In approaching these terms, Lacan considers the nature of research. While dissociating psychoanalysis from the form of research in which the phrase ‘you would not seek me if you had not already found me‘ is used, he nevertheless comments on the hermeneutic demand which emerges “as it were, beneath the feet of whoever finds”. The way of developing signification offered by hermeneutics “is confused with what analysts call interpretation. Interpretation is not hermeneutics, although hermeneutics makes ready use of interpretation”. The relation to religion is through understanding the nature of this asymmetry. This is one thing that the Newman reference casts light on.
The relationship to science lies through what specifies science: “having an object”. If science is specified by an object of experiment, what is the object of psychoanalysis? The subject is at “the nexus [noeud] of difference”: “a split between a notion of reality that includes psychic reality, and another that makes reality the correlate of the perception-consciousness system”. The reality principle is “the strain of experience sanctioned by the subject of science”, so that “the subject upon which we operate in psychoanalysis can only be the subject of science”. But if the subject of science is the necessary condition for the practice of psychoanalysis, what is the sufficient condition? What is constitutive of the object of psychoanalysis?

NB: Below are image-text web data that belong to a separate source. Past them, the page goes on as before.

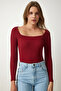 Women's Claret Red Square Neck Corded Knitted Blouse GT00052 - 3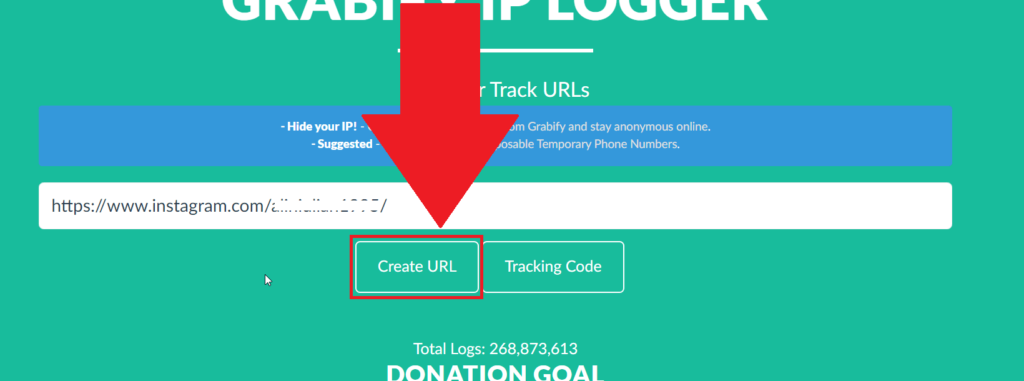Grabify IP Logger website showing the pasted Instagram link and the "Create URL" button highlighted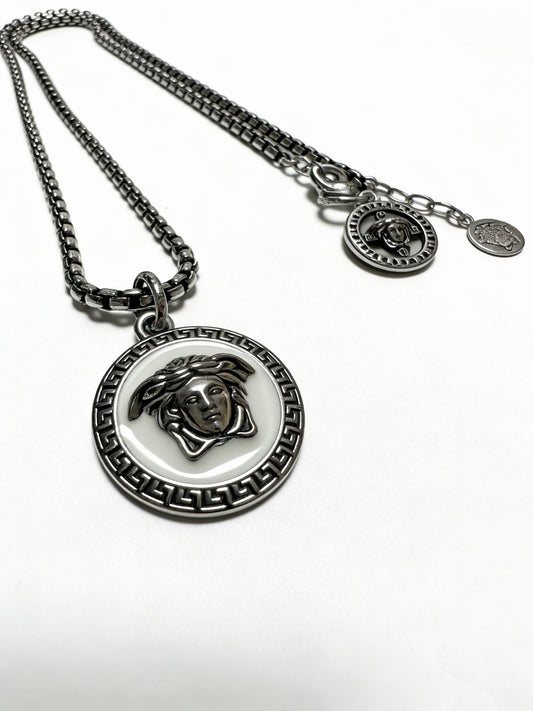 Versace Sterling Silver Chain Necklace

The difference to science emerges through the difference between the enunciated and the enunciation:the impact of the subject who speaks. Gödel’s incompleteness theorem shows the impossibility of any theory saying everything. This remainder speaks the impossibility of the suturing of the subject of science, and is taken by Lacan as the point of difference: whereas science is defined by “the deadlocked endeavour to suture the subject”, psychoanalysis is defined by the opposite: the internal exclusion – the extimacy – of the subject from its object.
It is this internal exclusion which leads to a dialectic which the reality and pleasure principles are doomed never to resolve, which the religious ideal offers to religate, and which science seeks to suture. In the pursuit of his purposes, the other thing that Newman casts light on are the limitations of this suturing strategy.